Segment Open

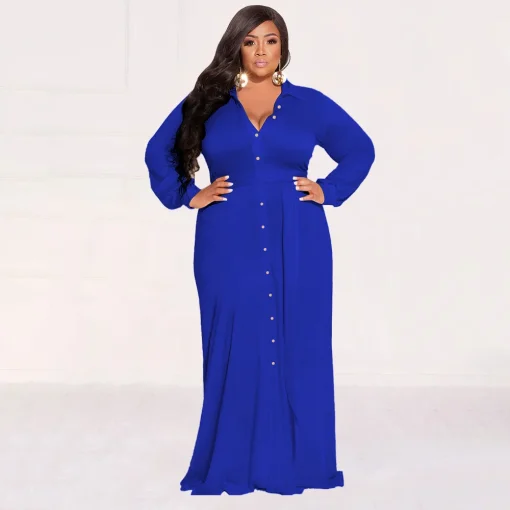 Club-Ready Lace-Up Plus Size Dress: Elegant, Long Sleeved Fit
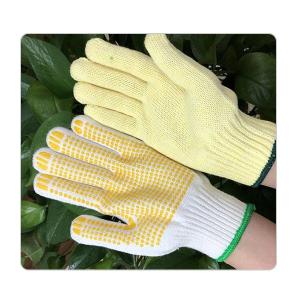 7 Gauge Yellow Car Driving Cotton Knitted Hand Gloves With Dots On Palm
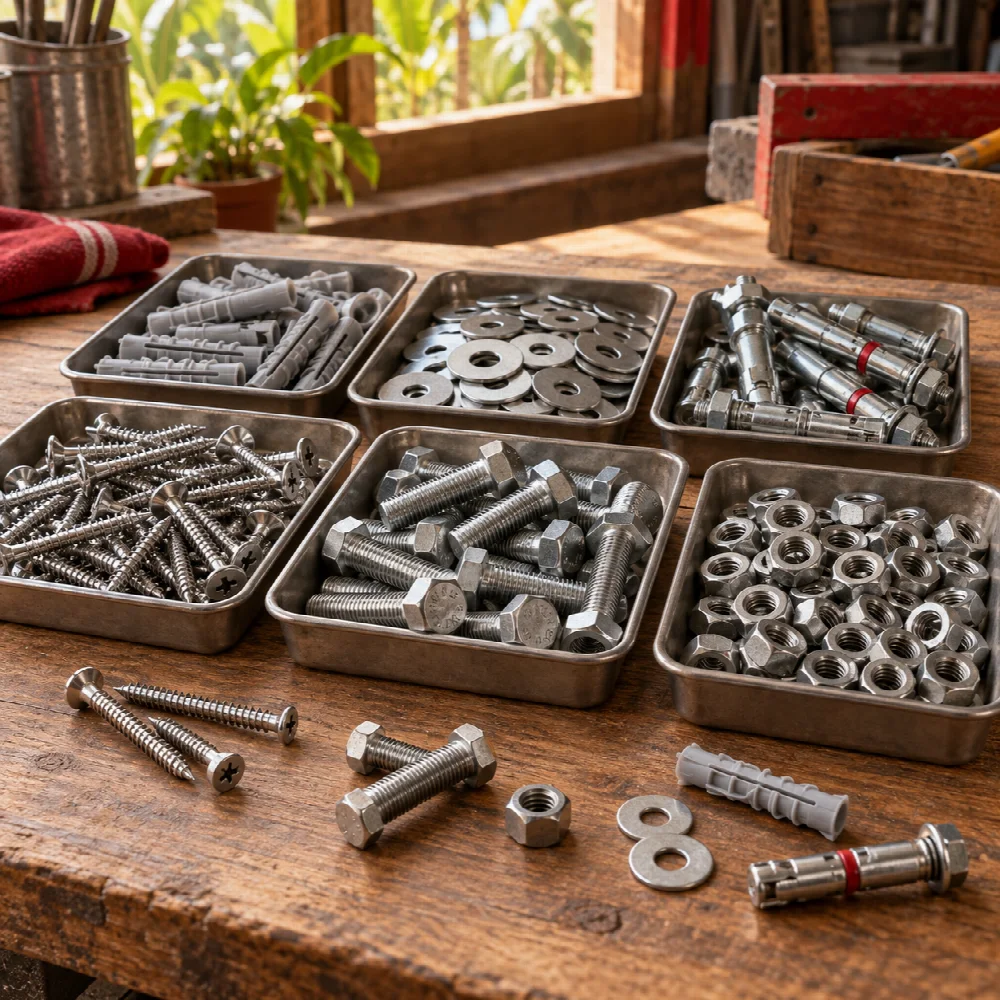 Organized screws, bolts, nuts, washers and wall anchors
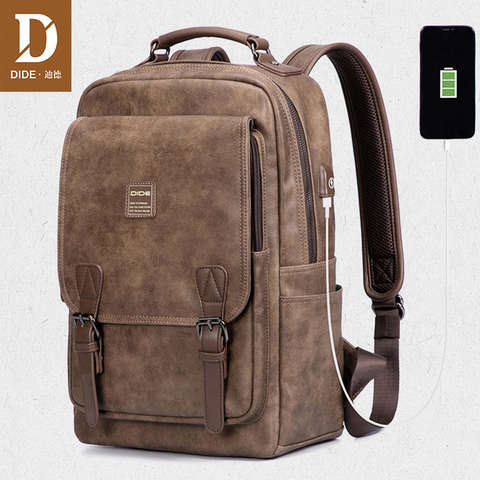 Mochila DIDE para ordenador portátil con puerto de carga USB, Mochila Vintage informal para hombre, Mochila de viaje para hombre, Mochila escolar Preppy impermeable de 15 pulgadas ► Foto 1/6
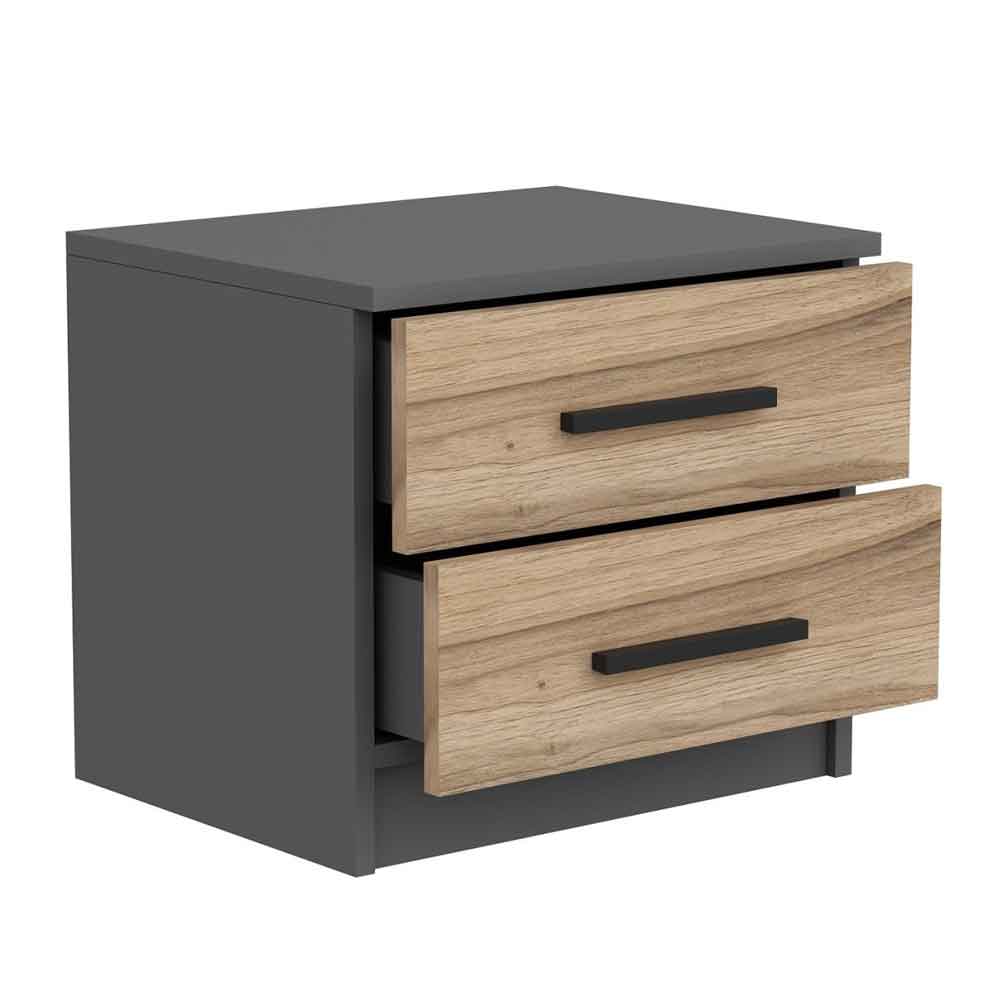 Mavero Wooden Bedside Cabinet With 2 Drawers in Anthracite and Walnut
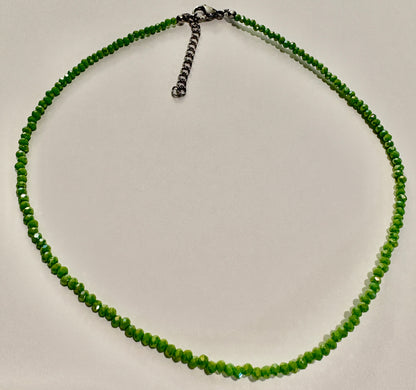Green Beaded Little Girls Necklace Adjustable 12"-14"/jj/Code #15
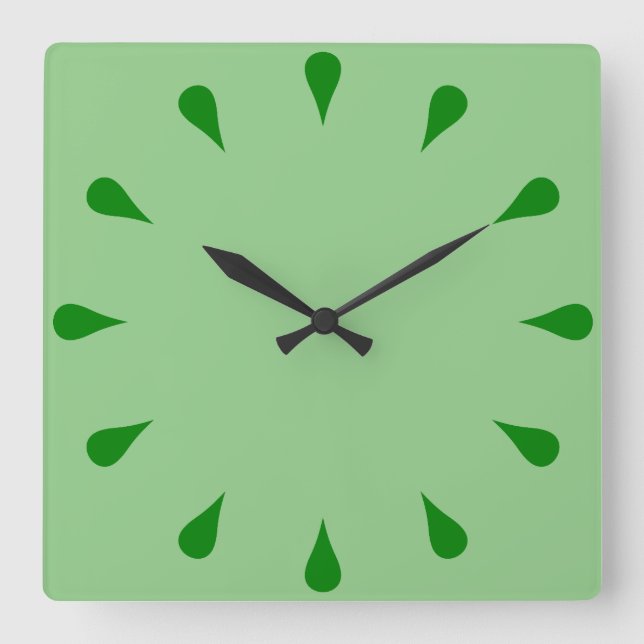 Green teardrops square wall clock (Front)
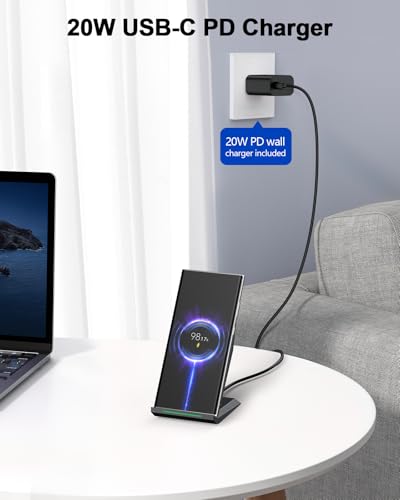 NANAMI Fast Wireless Charger Charging Stand with 20W PD Adapter - color: Classic Black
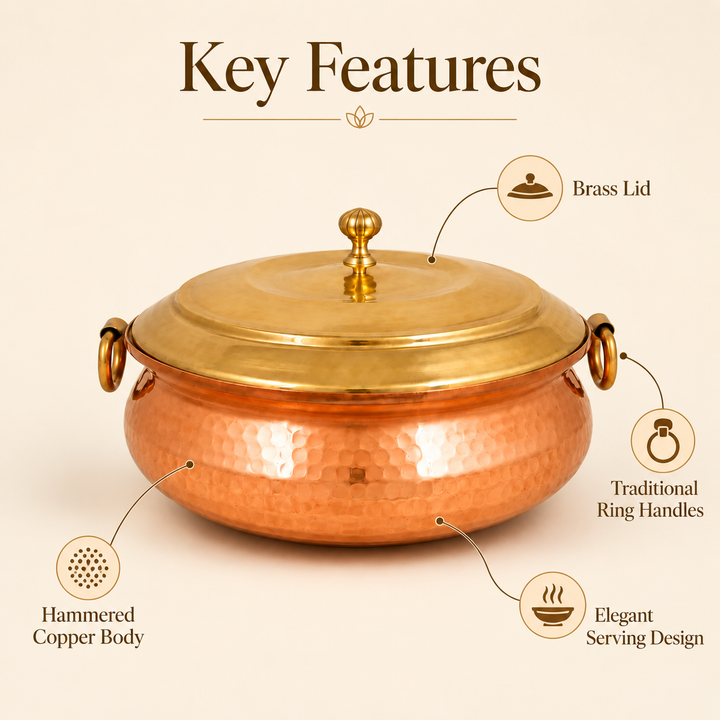 Nutristar hammered copper biryani handi with brass lid highlighting hammered finish, even heat distribution and easy cleaning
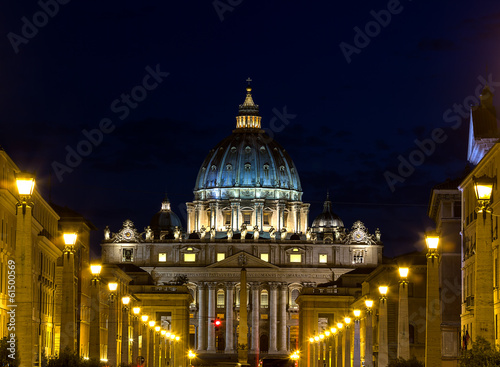 Night view at St. Peter's cathedral in Rome, Italy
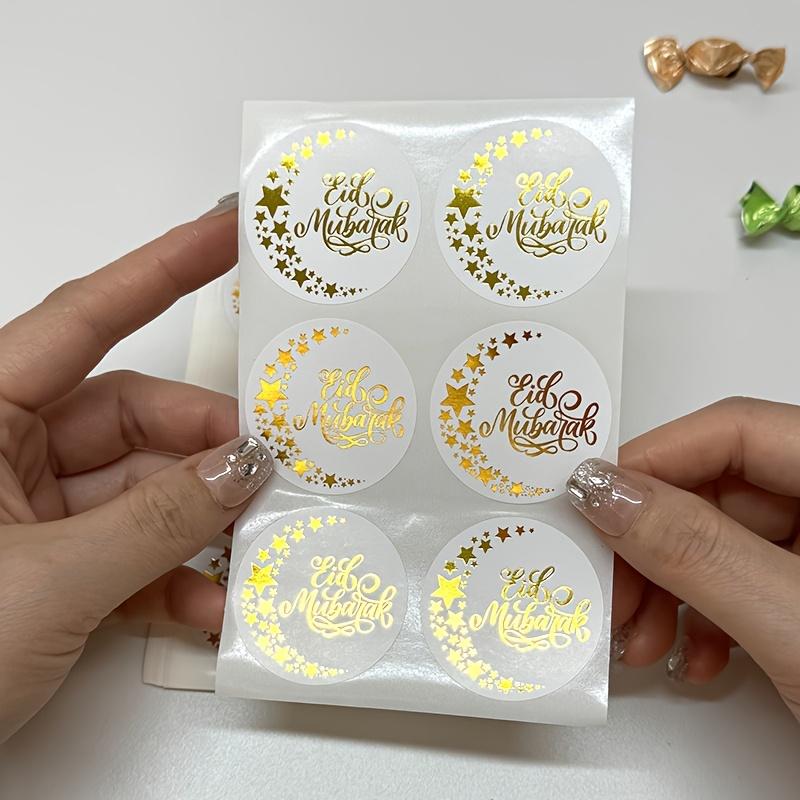 Eid Mubarak Stickers, Ramadan Mubarak Lable Sticker, Golden Foil Stickers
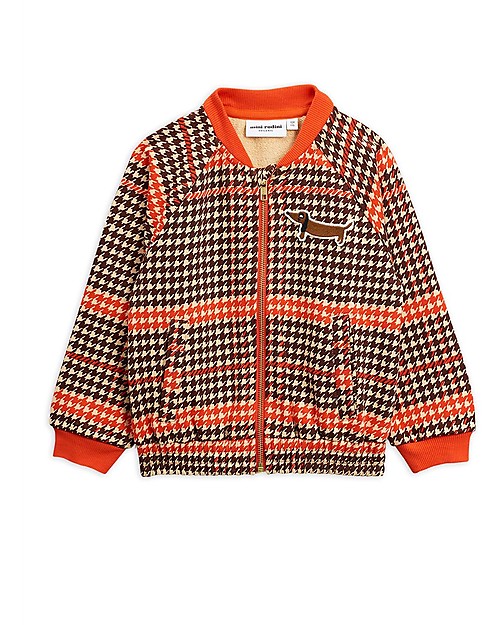 Mini Rodini Houndstooth Baseball Cardigan, Red - 100% organic cotton Sweatshirts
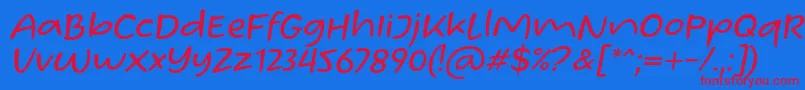 Homade McRacken Slant Font by Situjuh 7NTypes-Schriftart – Rote Schriften auf blauem Hintergrund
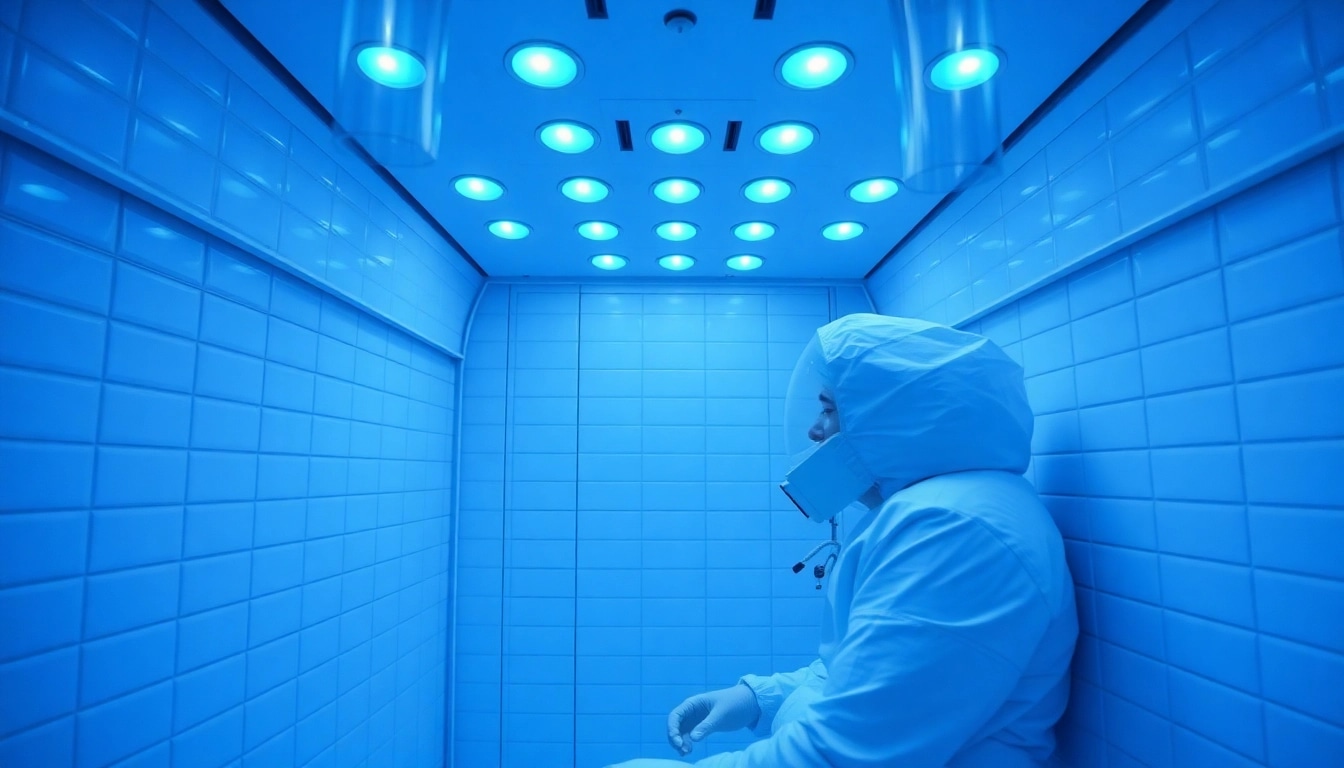 Erleben Sie die Kältekammer mit medizinischer Atmosphäre und modernster Kryotechnologie bei -110°C für effektive Regeneration.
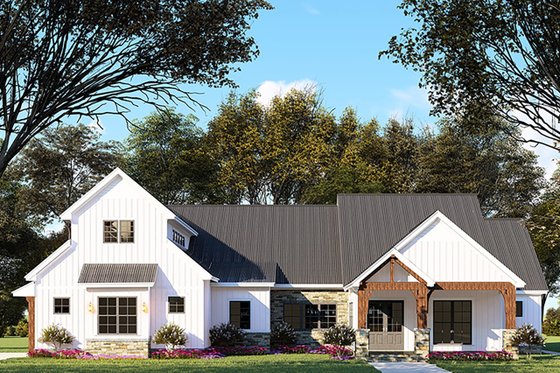 Exterior - Front Elevation 3 for Barndominium House Plan #923-130 - 3 bed, 2.5 bath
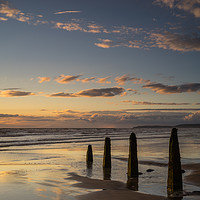 Buy canvas prints of Sunset beach Groynes by Tony Twyman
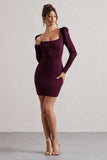 Ainsley Plum Long-Sleeve Mini Dress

Segment Closed

Exercise prompt: Only the lines between the one with "Organized screws, bolts, nuts, washers" and the one with "Green Beaded Little", those two included, get copied from the material above. Keep it exact and free of pictures.

Solution to the exercise:
 Organized screws, bolts, nuts, washers and wall anchors
 Mochila DIDE para ordenador portátil con puerto de carga USB, Mochila Vintage informal para hombre, Mochila de viaje para hombre, Mochila escolar Preppy impermeable de 15 pulgadas ► Foto 1/6
 Mavero Wooden Bedside Cabinet With 2 Drawers in Anthracite and Walnut
Green Beaded Little Girls Necklace Adjustable 12"-14"/jj/Code #15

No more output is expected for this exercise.